I'd like to assume that you _accidentally_ picked the *worst* possible
example file in the entire repository (with the exception of anything
in arch/x86...). You should keep in mind that basically nobody doing
ARM development cares one hoot about the scheduler as long as it
"basically works"... most such systems could get away with just
SCHED_FIFO and static priorities. When you're porting the kernel to a
platform with a 250MHz in-order CPU that's going to have a load
average of zero for 99.5% of the time and a load average of 1.0 for
the other 0.5% of the time that's pretty much the *LAST* thing you
care about.

In fact, I would guess that all the excellent work that has been done
with regards to optimized SMP and UP scheduling on much busier systems
with pathological loads has meant that the scheduler is probably one
of the most reliable pieces of code for the ARM developers.
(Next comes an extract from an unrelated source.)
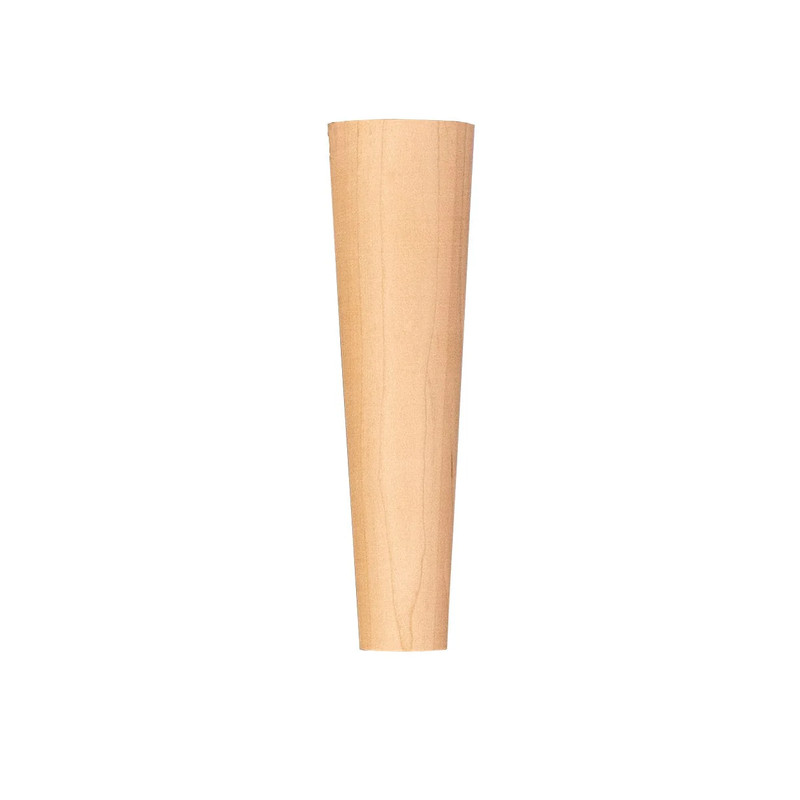 Wheeler Classic Bun Foot - Species:Cherry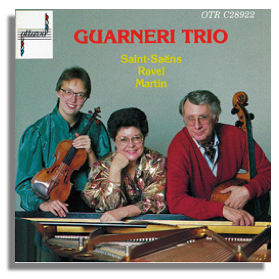 Guarneri Trio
If you
want some excellent examples that go the other way, I suggest looking
at gpiolib for some great examples of code that don't matter for beans
on 99.95% of X86 boxes yet are essential for any kind of real embedded
development.

So while it's possible that you could make a reasonable point about
developer time by looking at GIT commit logs... You should refrain
from making such insulting and sweeping over-generalizations by
looking at single files, particularly ones which are largely
irrelevant or immaterial for the specific subset of developers.